L’argomento è particolarmente caro agli italiani, tradizionalmente legati all’acquisto della casa: parliamo del mutuo, ovvero il prestito ipotecario concesso dalle banche ai (numerosissimi) privati che desiderano acquistare un immobile pur non potendosi permettere di pagare “sull’unghia” l’intero ammontare richiesto dal venditore.
Partiamo da una considerazione generale: come succede per tutti i prestiti, anche nel caso dei mutui il denaro che la banca ci anticipa ha un prezzo. Questo prezzo si chiama tasso di interesse ed è formato da due componenti: l’indice di riferimento e lo spread (approfondiremo il discorso nei prossimi paragrafi). Ogni mese, dunque, il sottoscrittore del mutuo deve corrispondere alla banca una rata, composta da una parte di capitale che viene man mano restituito e da una quota di interessi.

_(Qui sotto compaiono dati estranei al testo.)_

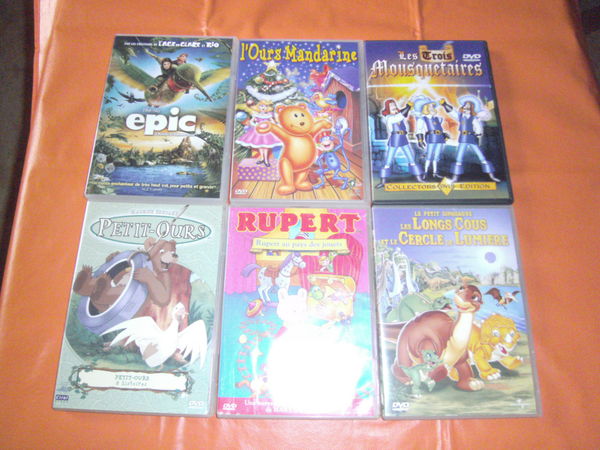 DVD pour enfant 2 Viry-Ch�tillon (91)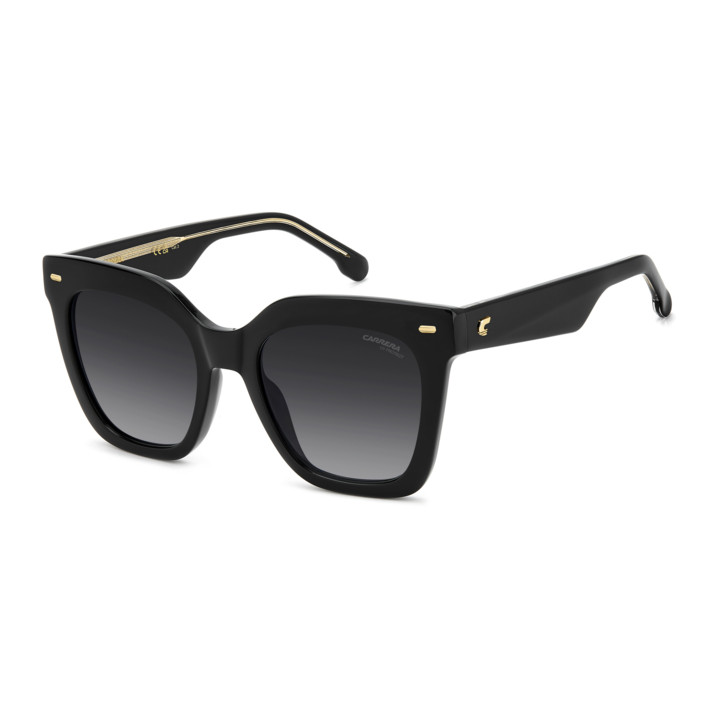 Lunettes de soleil Carrera 3086/S Black / verres Dark Grey Shaded (807-9O)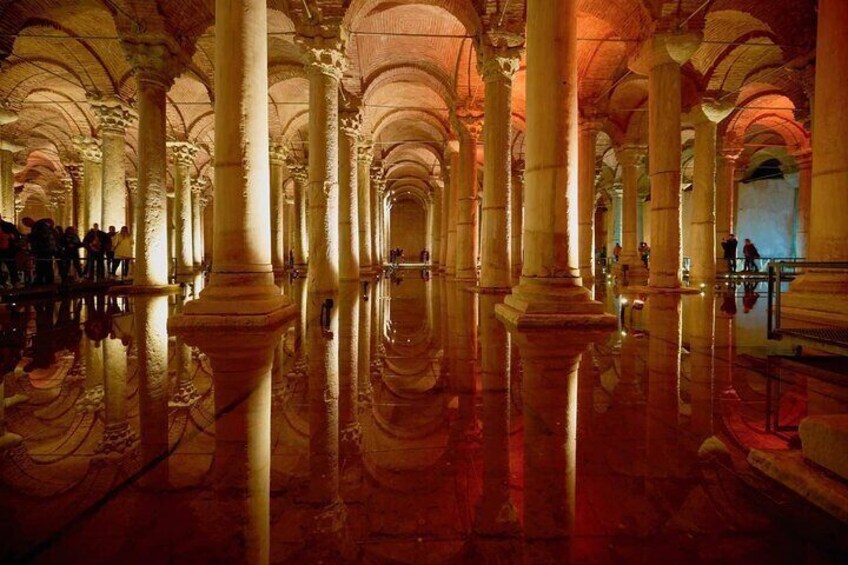 Basilica Cistern Skip the Line Ticket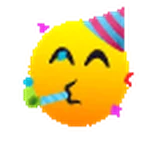 partying face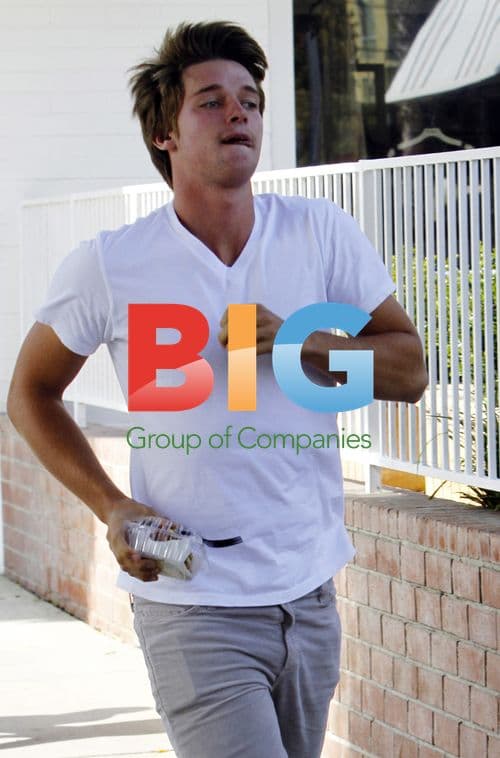 Patrick Schwarzenegger at Fairmont Miramar Hotel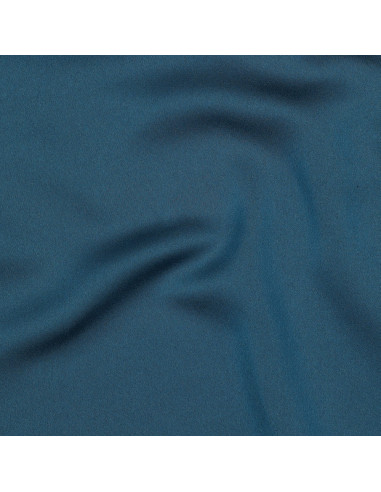 Acheter Tissu Microfibre Micro Satin Bleu Pétrole | Zephyr Tissus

L’indice di riferimento – di solito Euribor o IRS, a seconda della tipologia di mutuo – è il tasso a cui la banca si finanzia sui mercati finanziari per concedere il prestito e che viene dunque trasferito come costo in capo al mutuatario. Lo spread invece è una sorta di ricarico che ogni banca decide di aggiungere al tasso di base quale proprio compenso.
Come si calcola lo spread?
Lo spread esprime essenzialmente il rischio attributo a chi richiede il prestito. Per questo motivo, nel calcolarlo, viene preso in considerazione, tra gli altri fattori, il rischio Italia, rappresentato dalla differenza di rendimento tra il BTP decennale e il Bund tedesco di pari durata (anche questo indicatore si chiama spread): ogni cittadino italiano incorpora tendenzialmente un rischio più elevato del rischio Italia. In aggiunta, concorrono alla definizione dello spread anche gli indicatori di rischio relativi al singolo finanziamento, come la durata e l’entità del mutuo richiesto, la solidità del mutuatario ecc.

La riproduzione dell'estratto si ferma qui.